Image-text web data:
○ ○ ○ ○ ○
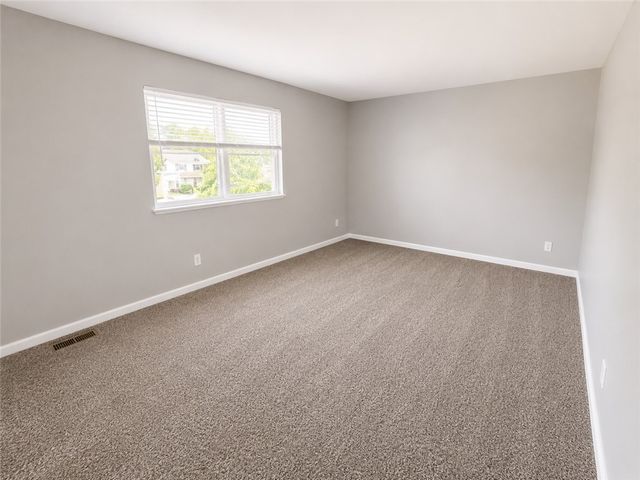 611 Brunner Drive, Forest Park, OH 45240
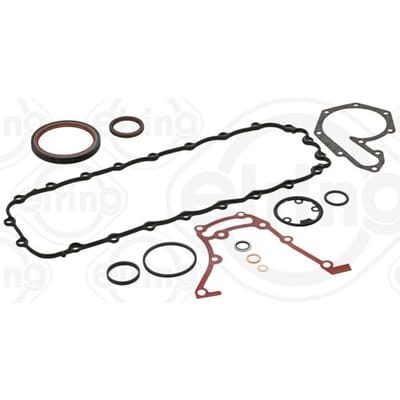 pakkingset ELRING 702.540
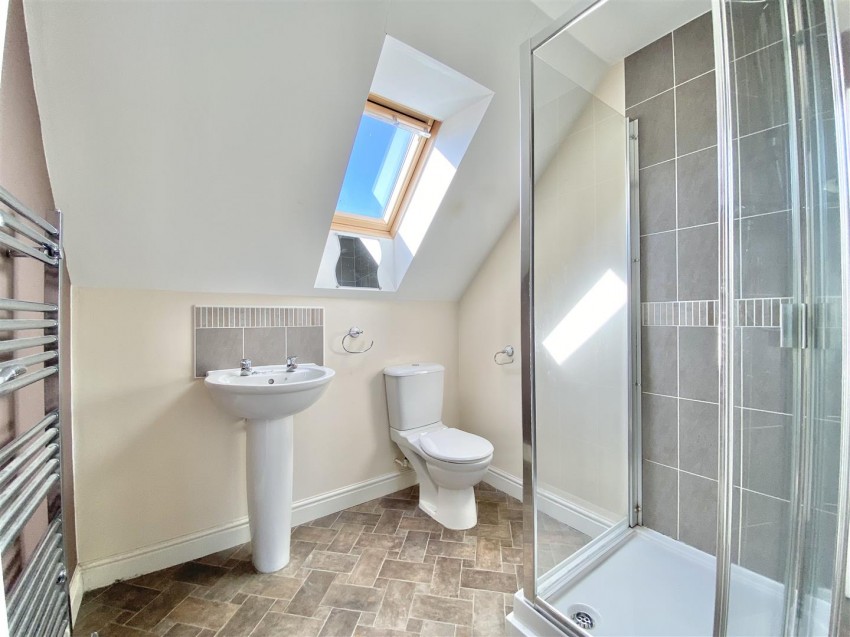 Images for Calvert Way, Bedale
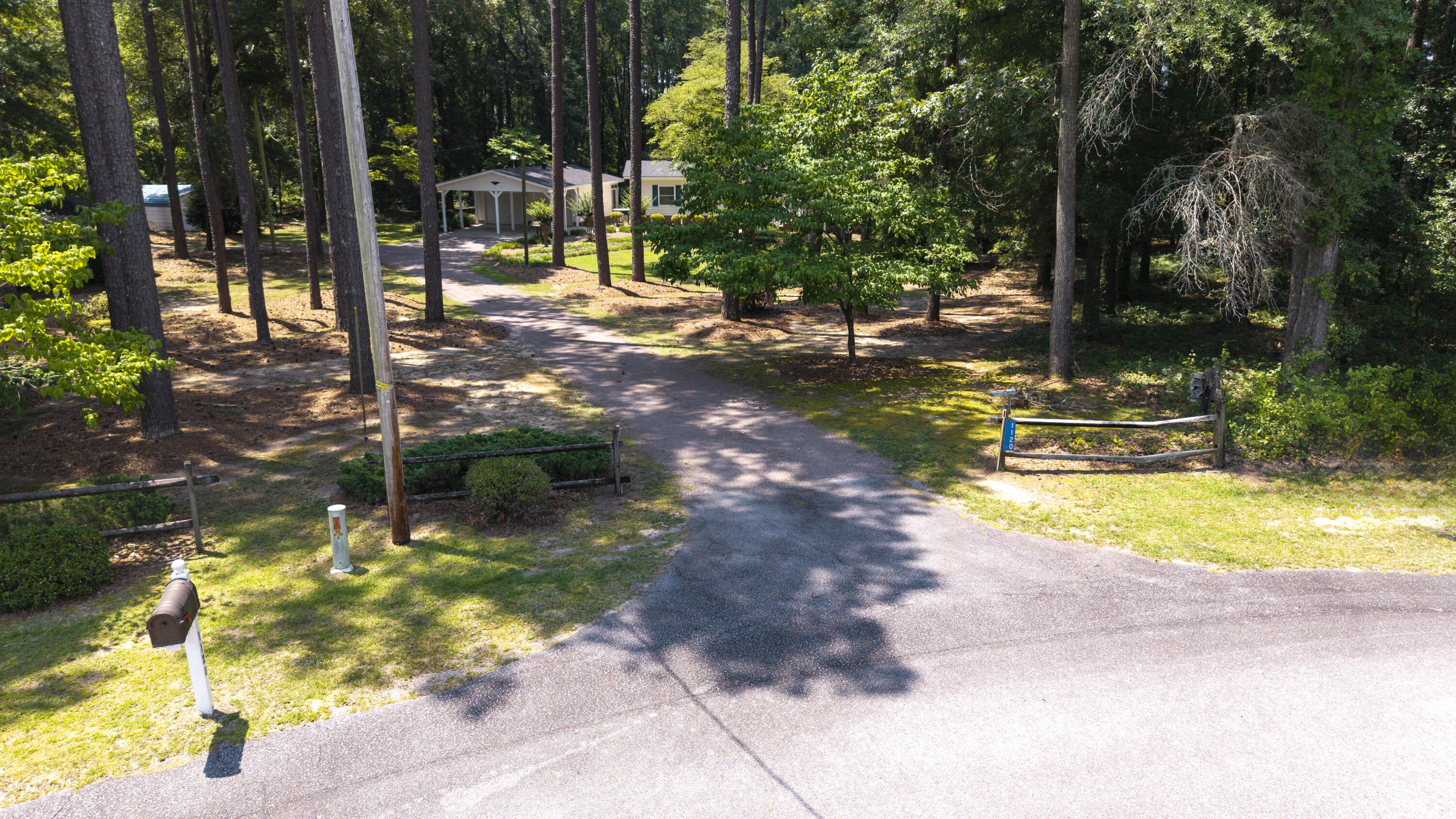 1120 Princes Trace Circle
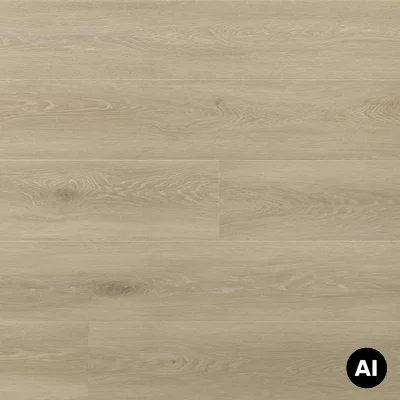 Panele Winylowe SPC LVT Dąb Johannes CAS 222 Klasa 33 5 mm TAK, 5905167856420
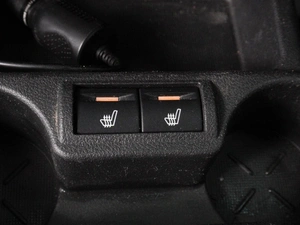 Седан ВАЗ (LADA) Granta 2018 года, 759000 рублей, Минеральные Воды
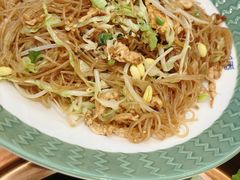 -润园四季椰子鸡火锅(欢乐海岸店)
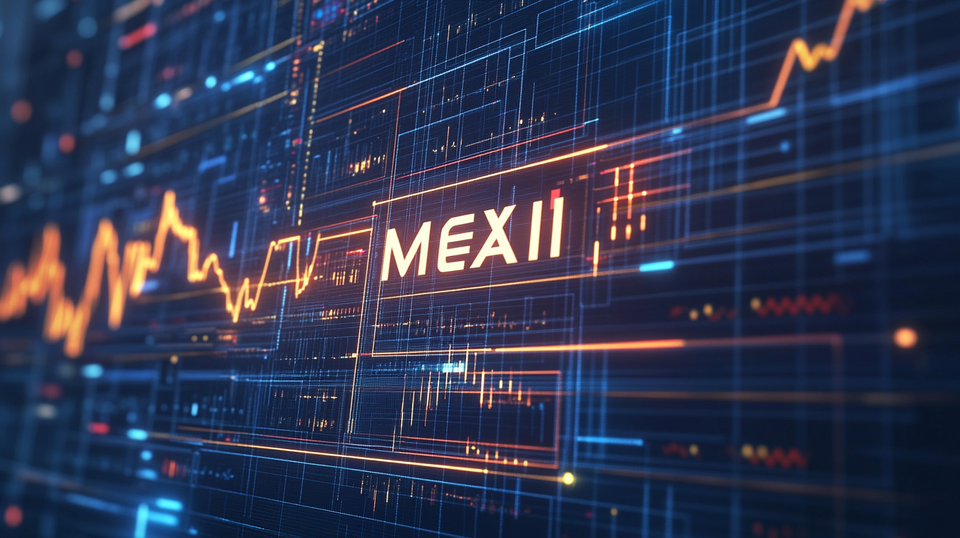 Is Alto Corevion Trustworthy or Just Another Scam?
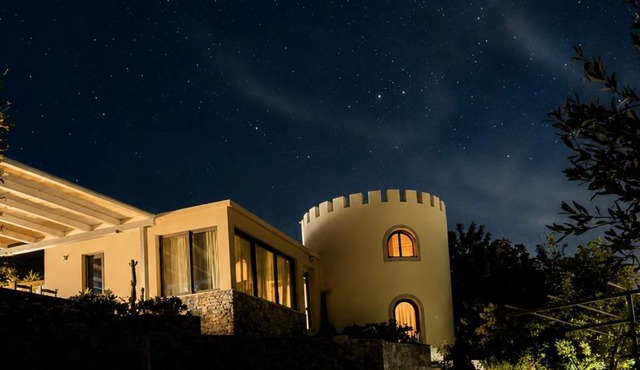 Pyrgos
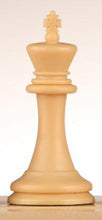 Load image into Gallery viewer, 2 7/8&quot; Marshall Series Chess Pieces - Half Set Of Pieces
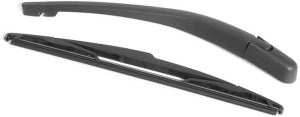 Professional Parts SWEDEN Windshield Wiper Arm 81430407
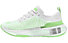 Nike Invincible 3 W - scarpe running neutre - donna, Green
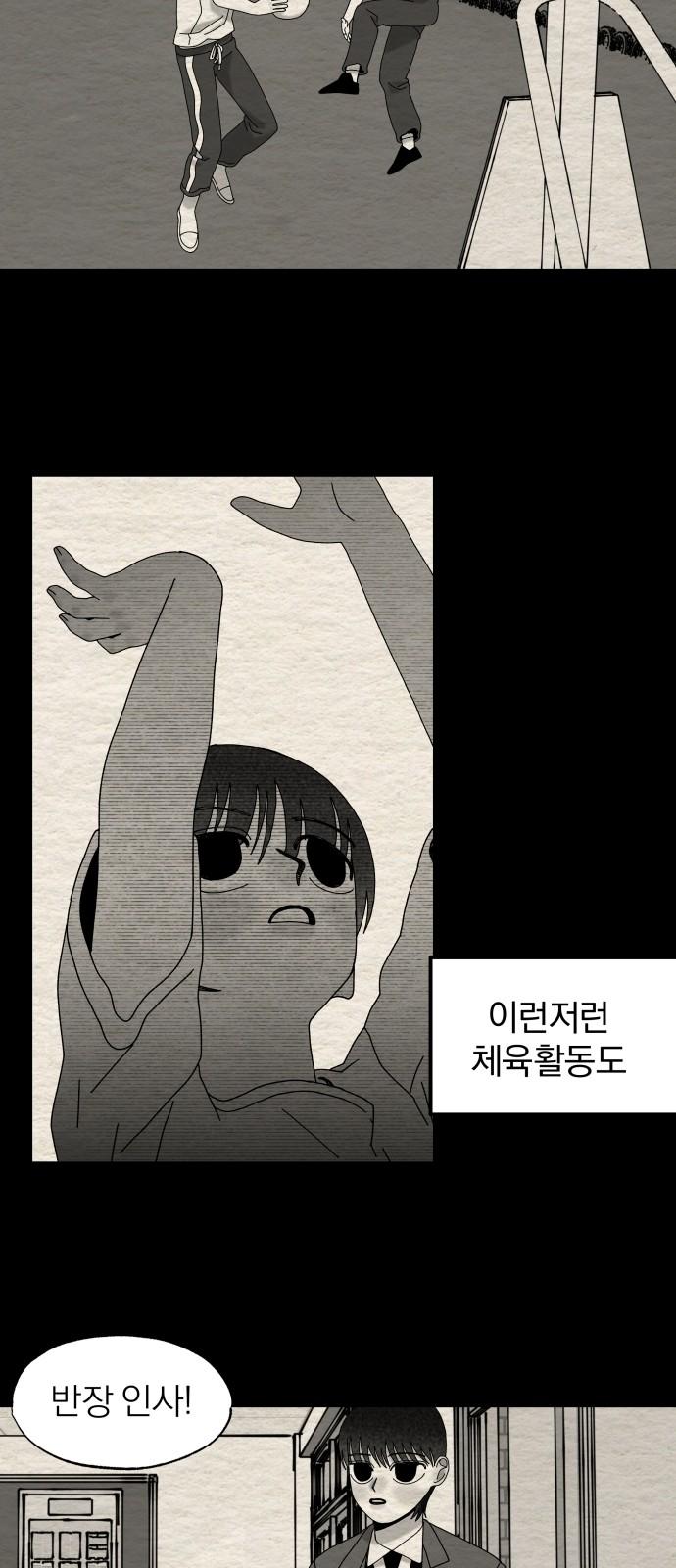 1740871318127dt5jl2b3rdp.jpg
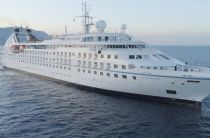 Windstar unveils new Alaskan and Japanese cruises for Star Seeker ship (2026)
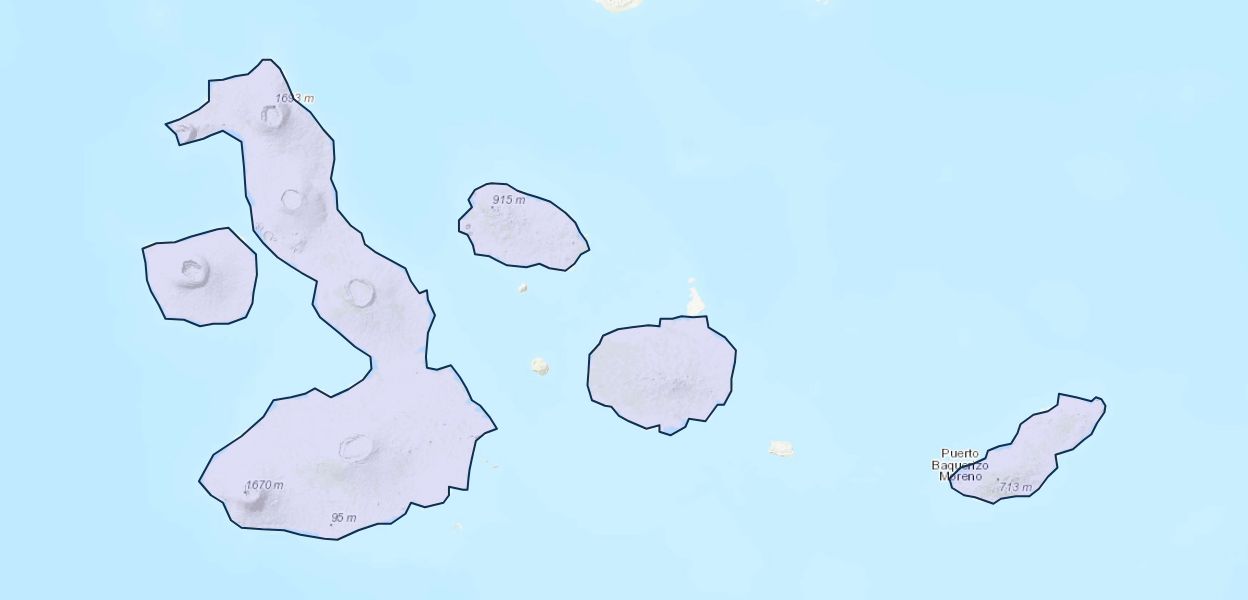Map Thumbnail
○ ○ ○ ○ ○
A verbatim transcript of the entries above is required, with the pictures left out.

EXERCISE RESULT:
 611 Brunner Drive, Forest Park, OH 45240
 pakkingset ELRING 702.540
 Images for Calvert Way, Bedale
 1120 Princes Trace Circle
 Panele Winylowe SPC LVT Dąb Johannes CAS 222 Klasa 33 5 mm TAK, 5905167856420
 Седан ВАЗ (LADA) Granta 2018 года, 759000 рублей, Минеральные Воды
 -润园四季椰子鸡火锅(欢乐海岸店)
 Is Alto Corevion Trustworthy or Just Another Scam?
 Pyrgos
 Load image into Gallery viewer, 2 7/8&quot; Marshall Series Chess Pieces - Half Set Of Pieces
 Professional Parts SWEDEN Windshield Wiper Arm 81430407
 Nike Invincible 3 W - scarpe running neutre - donna, Green
 1740871318127dt5jl2b3rdp.jpg
 Windstar unveils new Alaskan and Japanese cruises for Star Seeker ship (2026)
Map Thumbnail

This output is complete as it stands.